CEN/TC251 ENV 13606:
1. Scope This European Prestandard specifies messages that enable  
exchange of electronic healthcare record informationbetween healthcare  
parties responsible for the provision of clinical care to an individual  
patient. These messages allow information from an electronic healthcare  
record held by one health professional to be sent to another  
healthprofessional. The messages specified by this European Prestandard  
can be used to convey:? a complete copy of a patient's record as stored  
in one information system; ? parts of a patient's record that form a  
logically sound extract or summary of that record;? parts of a  
patient's record used for updating a parallel record on another system.  
The primary purpose of these messages is to support the provision of  
care to individual patients.
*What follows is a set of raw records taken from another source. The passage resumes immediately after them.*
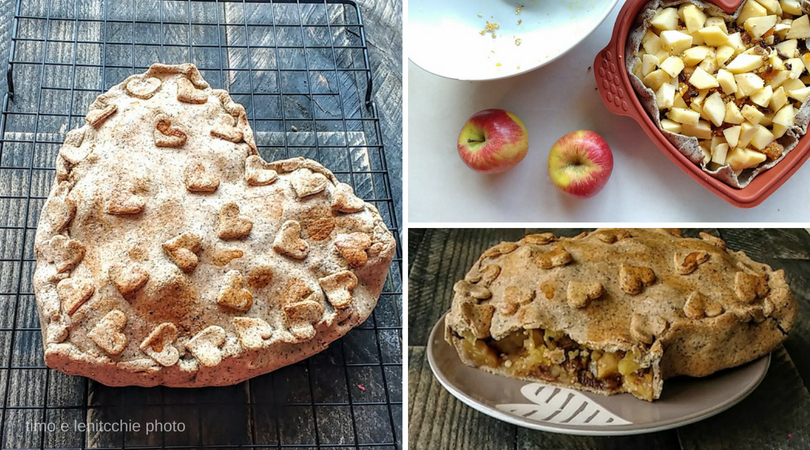 Apple pie sin azúcar – Tarta de manzana deliciosa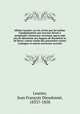 Affaire Lesnier; sa vie, crite par lui-mme. Condamnation aux travaux forcs a perptuit; innocence reconnue apres sept ans de dtention aux bagnes de Rochefort et de Brest; comte-rendu des poursuites contre Lespagne et autres nouveaux accuss, 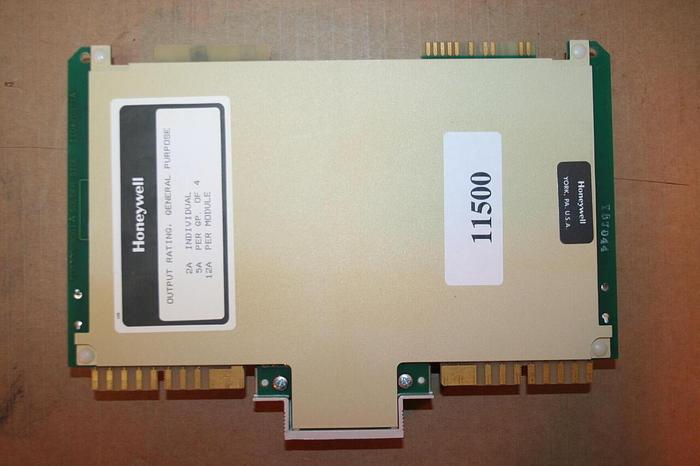 Used HONEYWELL Output Module 621-6550 #11505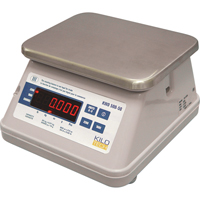 Digital Bench Top Scale With Dual Display, 5.5 lbs. / 2.5 kg Cap., 0.002 lbs. / 0.001 kg Graduations PE126 | Equipment World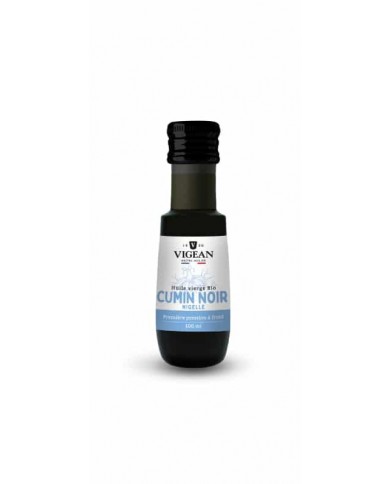 Huile de cumin noir (nigelle) - BIO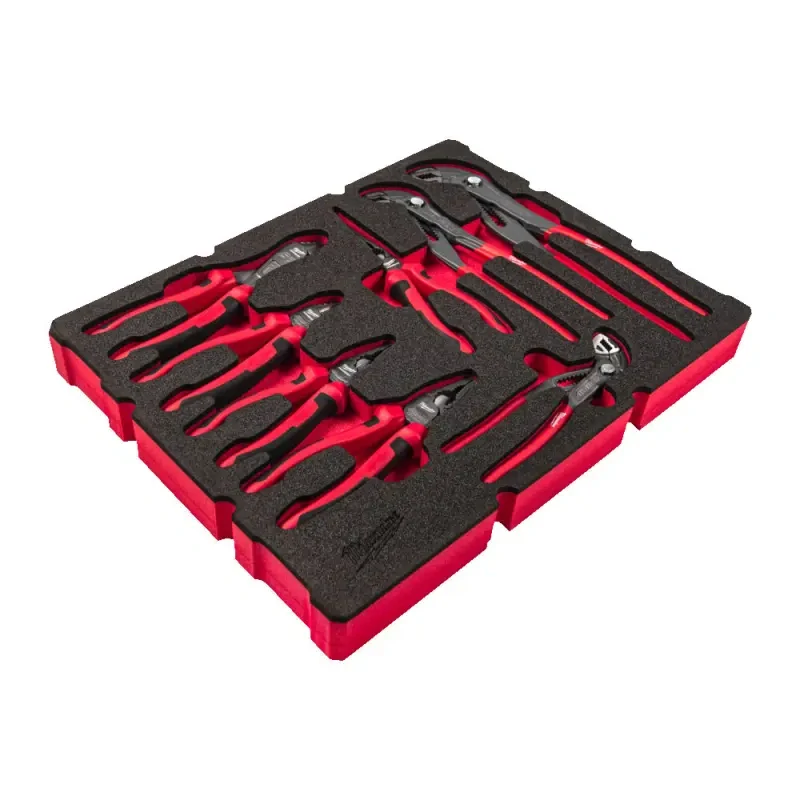 PACKOUT™ pěnová vložka s kleštěmi Milwaukee 4932493643 (Sada 8 dílů) (MI4932493643)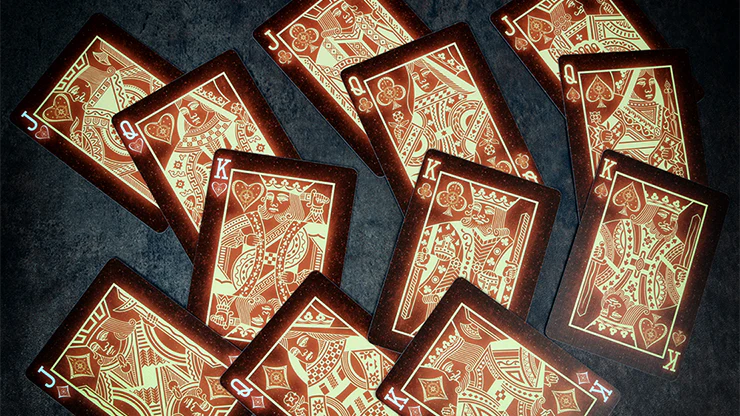 Starlight Solar Bicycle Playing Cards - Image 3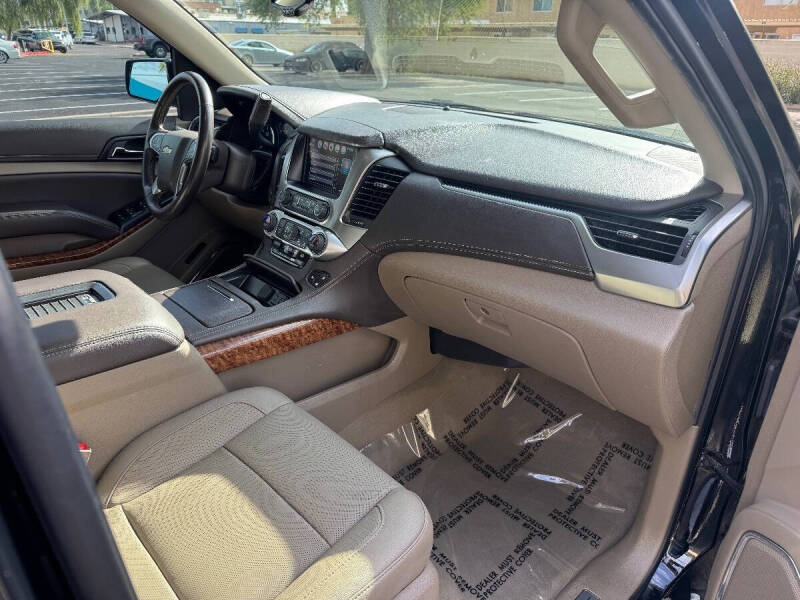 2019 Chevrolet Tahoe Premier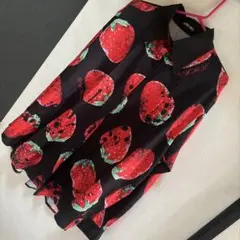 新品　ACDC RAG 苺柄 長袖シャツ　イチゴ柄　サブカル　地雷系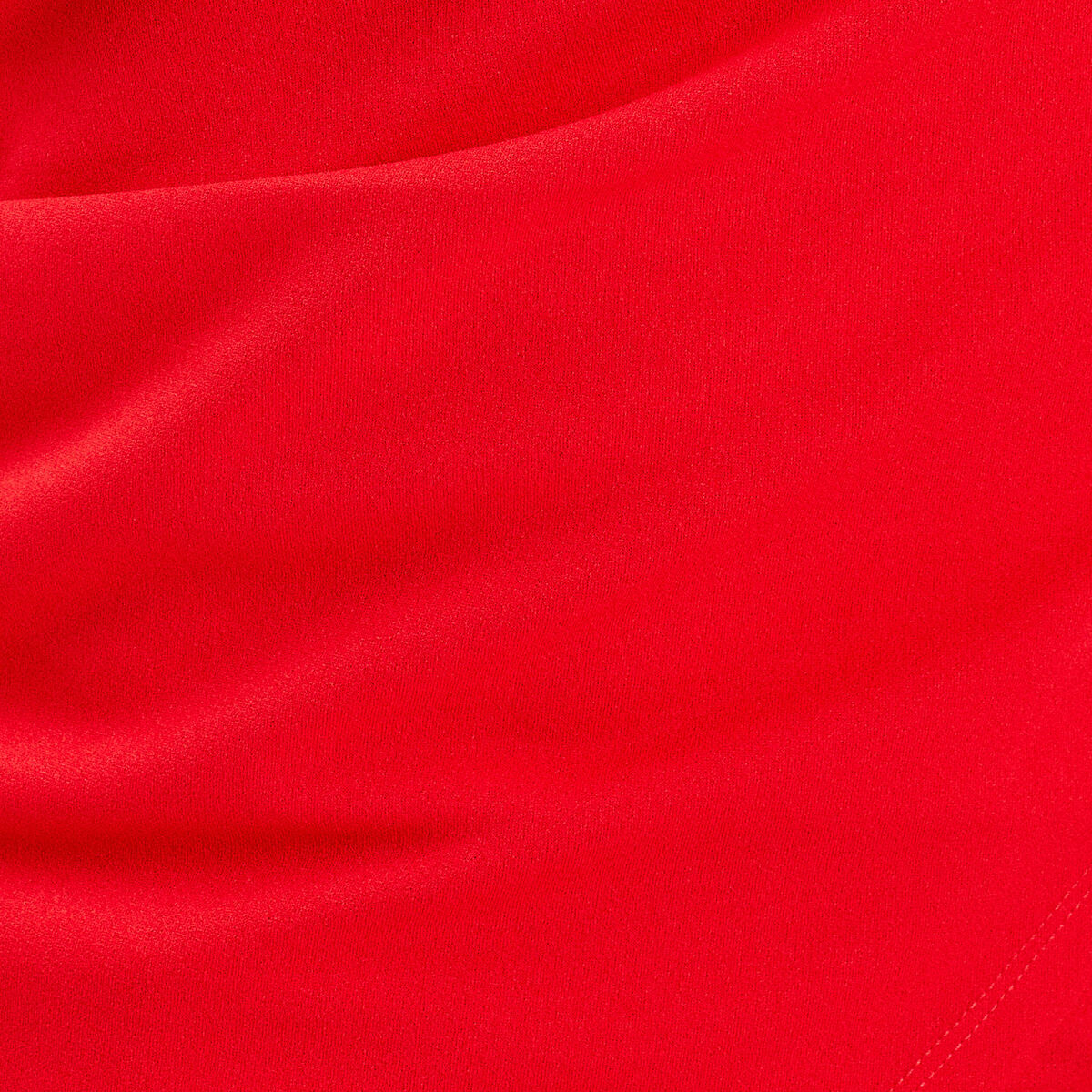 Bustier sans manches rouge femme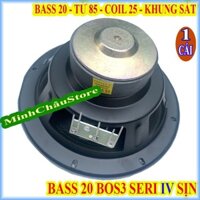 CỦ LOA BASS 20 BOS3 SERI 4 SỊN CÔN 6 LỚP CAO CẤP NHẬP KHẨU - GIÁ 1 LOA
The availability ofconsistent, continuing  
clinical care, when and where it is needed, requires appropriate and  
unambiguous communication between clinical professionals. The messages  
specified by this European Prestandard are designed to meet  
thisrequirement by enabling users of different clinical information  
systems to exchange electronic healthcare record information.  
Implementation of these messages will therefore assist the maintenance  
of timely and appropriate patientrecords.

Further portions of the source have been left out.